- _What you are asked to do_:
Every line of the material is to be transcribed verbatim, with images omitted.

- _Supplied information_:
■ ■ ■ ■ ■ ■ ■
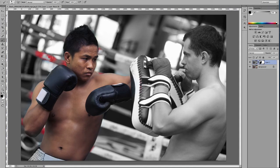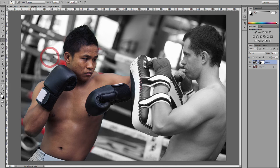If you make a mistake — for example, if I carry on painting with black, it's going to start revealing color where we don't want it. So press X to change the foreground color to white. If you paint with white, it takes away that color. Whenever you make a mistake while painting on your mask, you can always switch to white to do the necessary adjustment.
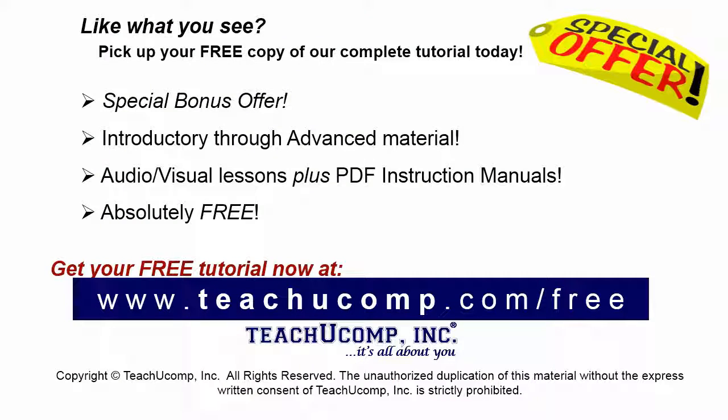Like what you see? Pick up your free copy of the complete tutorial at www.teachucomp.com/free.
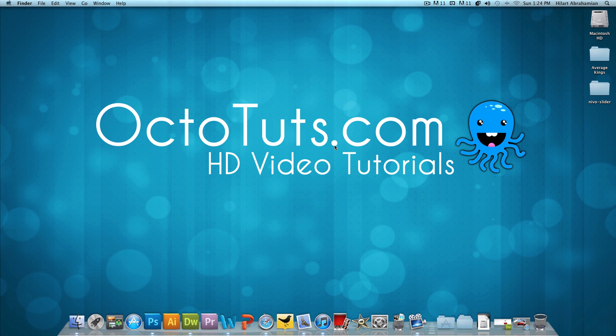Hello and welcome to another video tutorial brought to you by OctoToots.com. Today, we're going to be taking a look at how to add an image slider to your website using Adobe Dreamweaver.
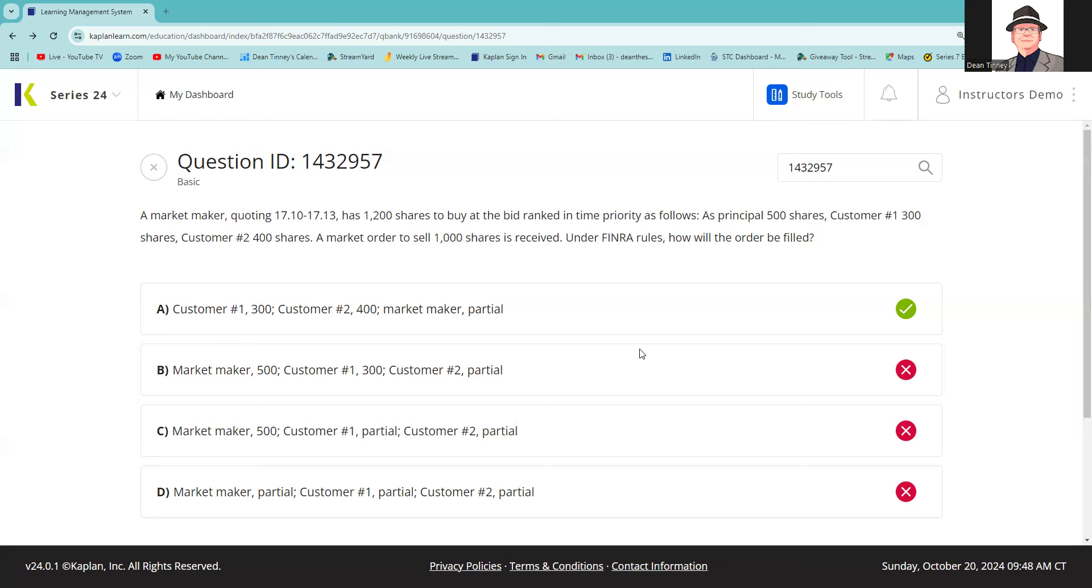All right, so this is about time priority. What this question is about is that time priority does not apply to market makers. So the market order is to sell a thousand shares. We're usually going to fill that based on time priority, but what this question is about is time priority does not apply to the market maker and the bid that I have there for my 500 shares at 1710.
■ ■ ■ ■ ■ ■ ■
- _Answer box_:
If you make a mistake — for example, if I carry on painting with black, it's going to start revealing color where we don't want it. So press X to change the foreground color to white. If you paint with white, it takes away that color. Whenever you make a mistake while painting on your mask, you can always switch to white to do the necessary adjustment.
Like what you see? Pick up your free copy of the complete tutorial at www.teachucomp.com/free.
Hello and welcome to another video tutorial brought to you by OctoToots.com. Today, we're going to be taking a look at how to add an image slider to your website using Adobe Dreamweaver.
All right, so this is about time priority. What this question is about is that time priority does not apply to market makers. So the market order is to sell a thousand shares. We're usually going to fill that based on time priority, but what this question is about is time priority does not apply to the market maker and the bid that I have there for my 500 shares at 1710.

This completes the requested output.